● PROBLEM DETAILS
Set down only these lines, exactly: the line containing "Espacio comercial en" and all lines through the end of the data below. Omit pictures.

BEGIN DATA FOR THIS EXERCISE

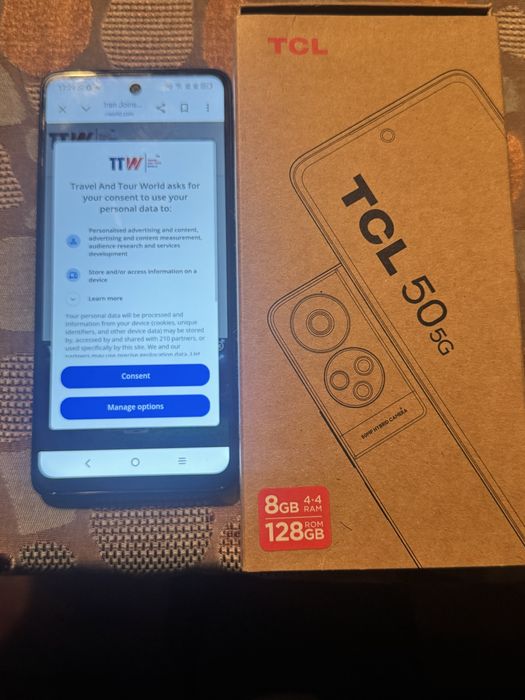 TCL 50  128 gb 8 gb ram
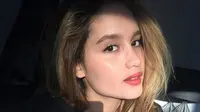 Netizen merasa bangga atas pencapaian Cinta Laura tersebut. 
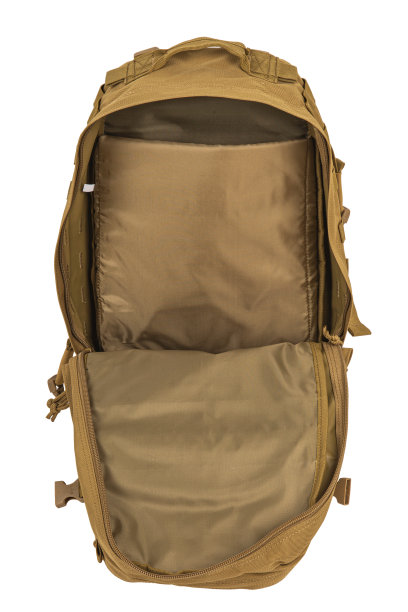 现代战术双肩包拉链和额外的口袋。大安全包。在白色背景上隔离。图片下载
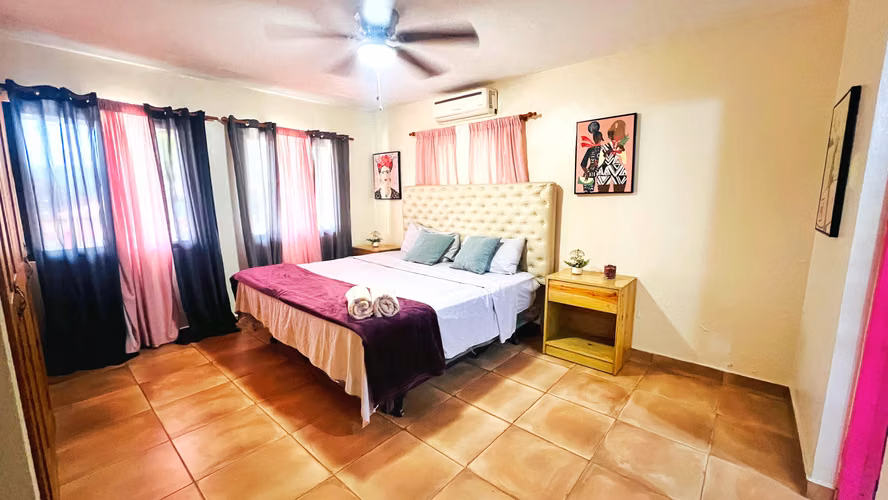 Villa Amueblado en Venta en Jarabacoa cerca del Rio en Complejo Cerrado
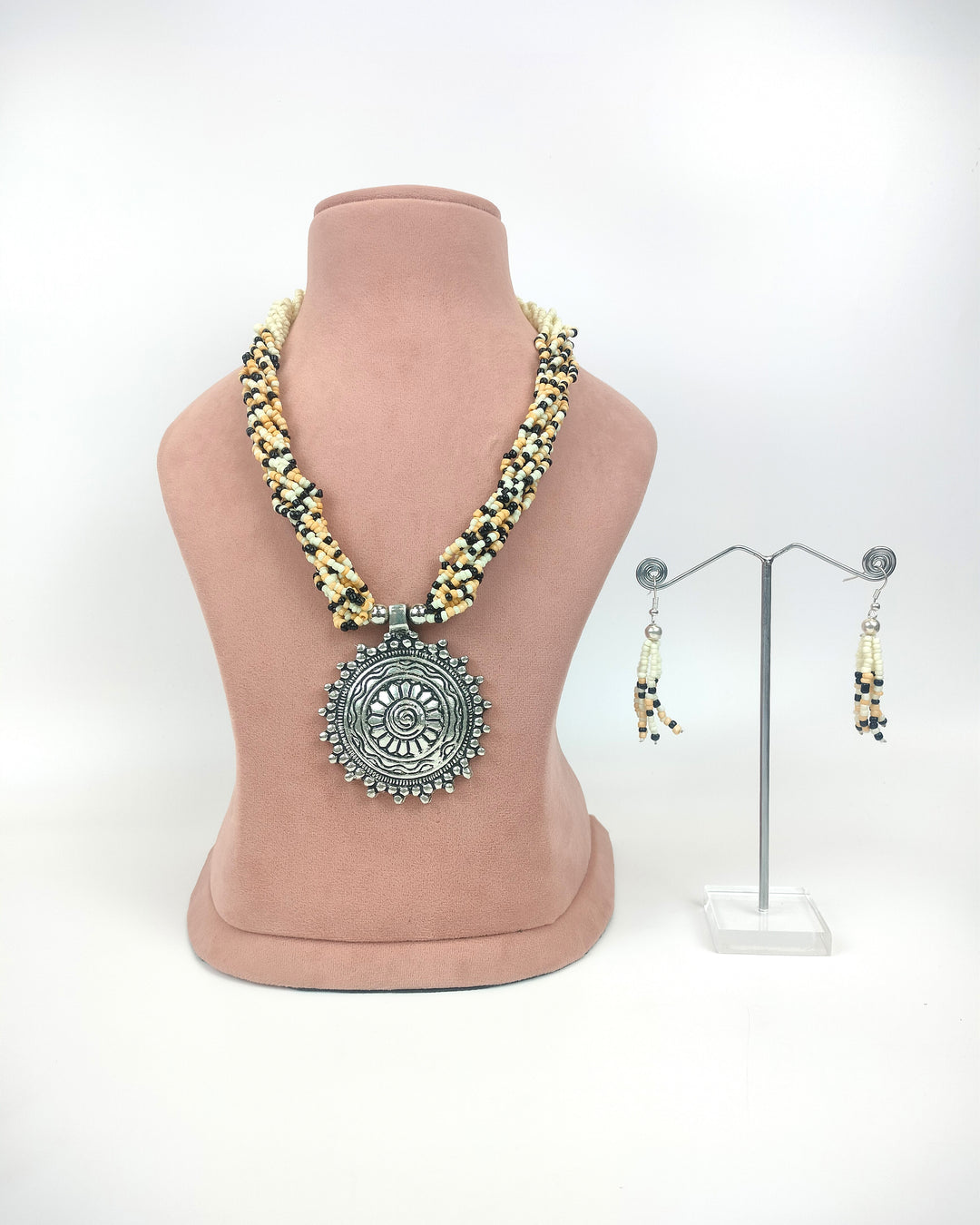 Tribal Chic Necklace Set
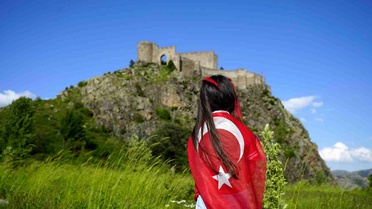 Kov Kalesi'nde Milli Takıma Destek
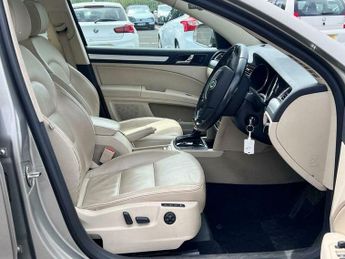 Skoda Superb 2.0 TDI Elegance DSG Euro 5 5dr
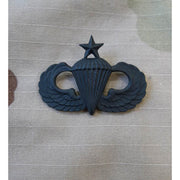 Insignia US Parachutist Senior en metal negro mate, fabricada en EE. UU. según especificación militar.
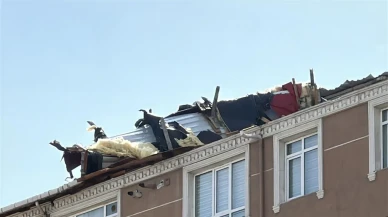 Kartal’da rüzgar 7 katlı binanın çatısını uçurdu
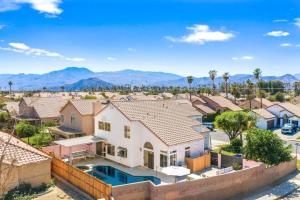 una vista aérea de una casa con piscina en Sundown Oasis With Private Pool And Spa, en Indio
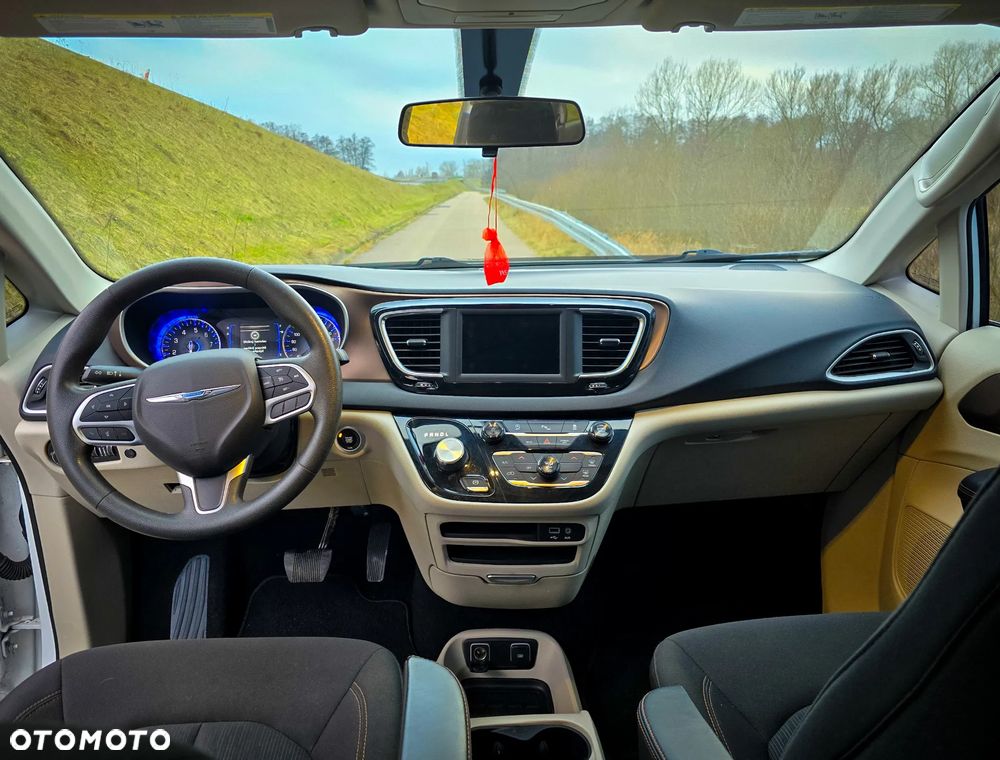 Chrysler Pacifica - 15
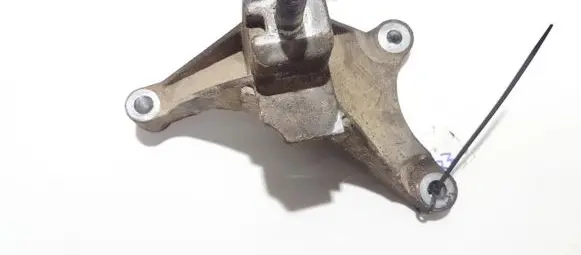 Ford Focus Engine mounting bracket 98ab7m125af 98ab-7m125-af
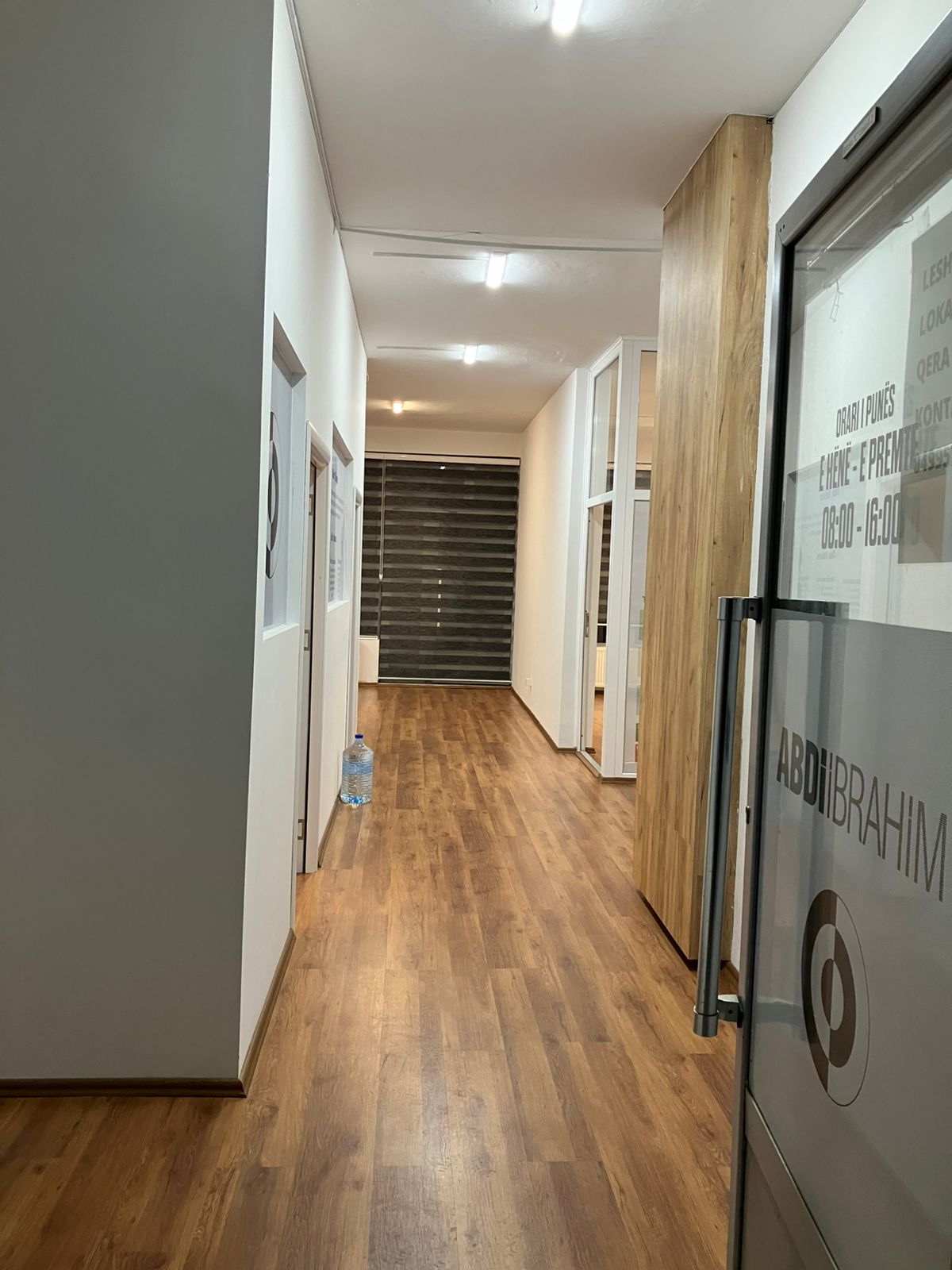 Espacio comercial en venta 135m² en Kalabri (emshir)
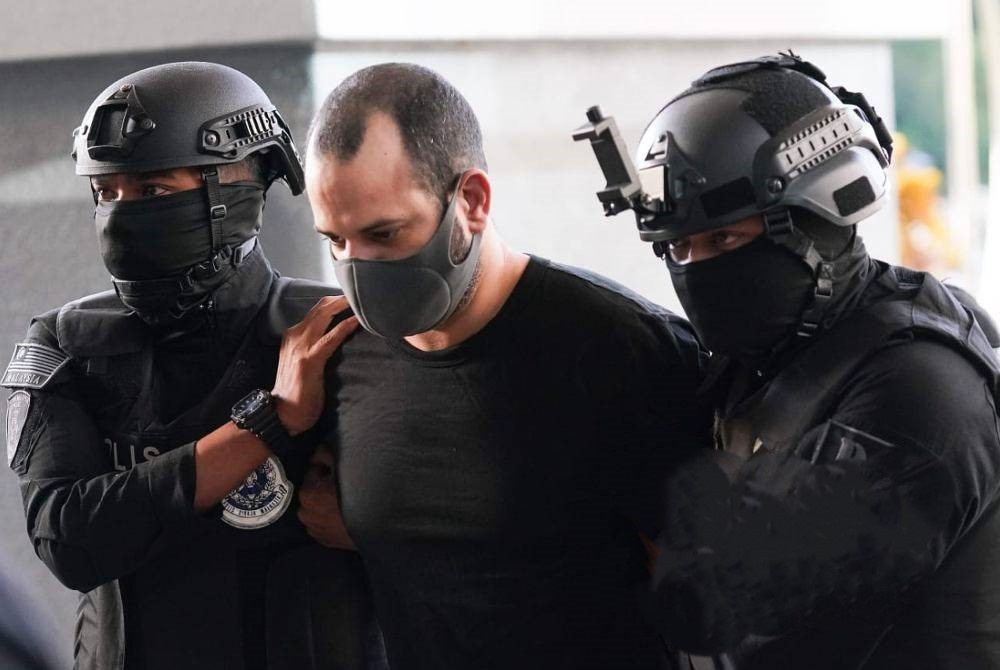 துப்பாக்கிகளுடன் பிடிபட்ட இஸ்ரேலிய பிரஜை குற்றத்தை மறுத்தார்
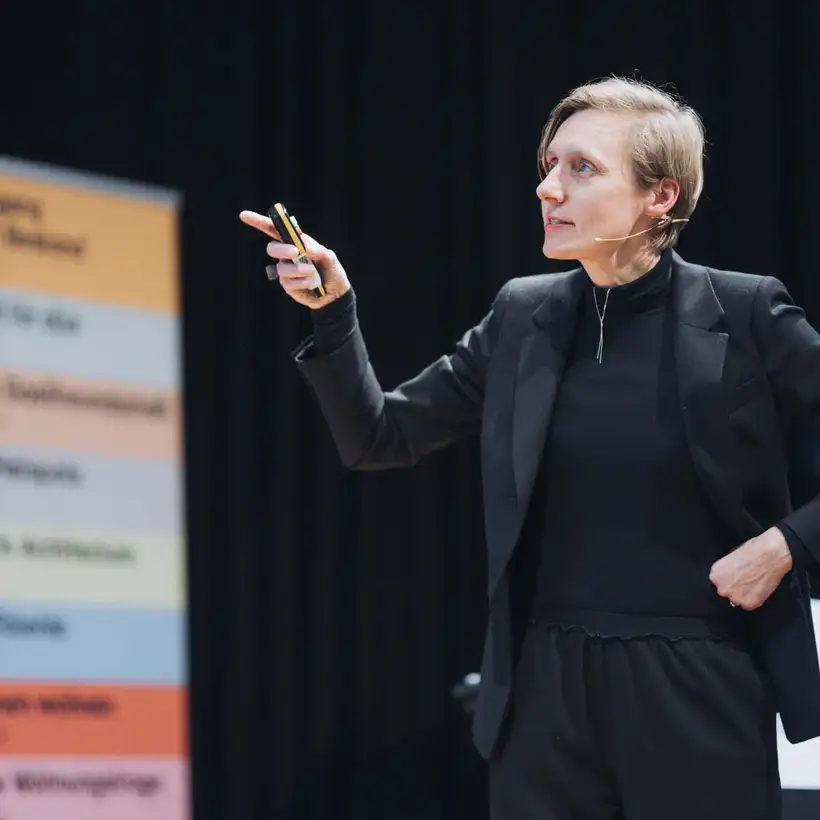 Architekturgespräche in Stuttgart 2025, Referentin auf Bühne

END DATA FOR THIS EXERCISE

● ANSWER TO THIS PROBLEM
 Espacio comercial en venta 135m² en Kalabri (emshir)
 துப்பாக்கிகளுடன் பிடிபட்ட இஸ்ரேலிய பிரஜை குற்றத்தை மறுத்தார்
 Architekturgespräche in Stuttgart 2025, Referentin auf Bühne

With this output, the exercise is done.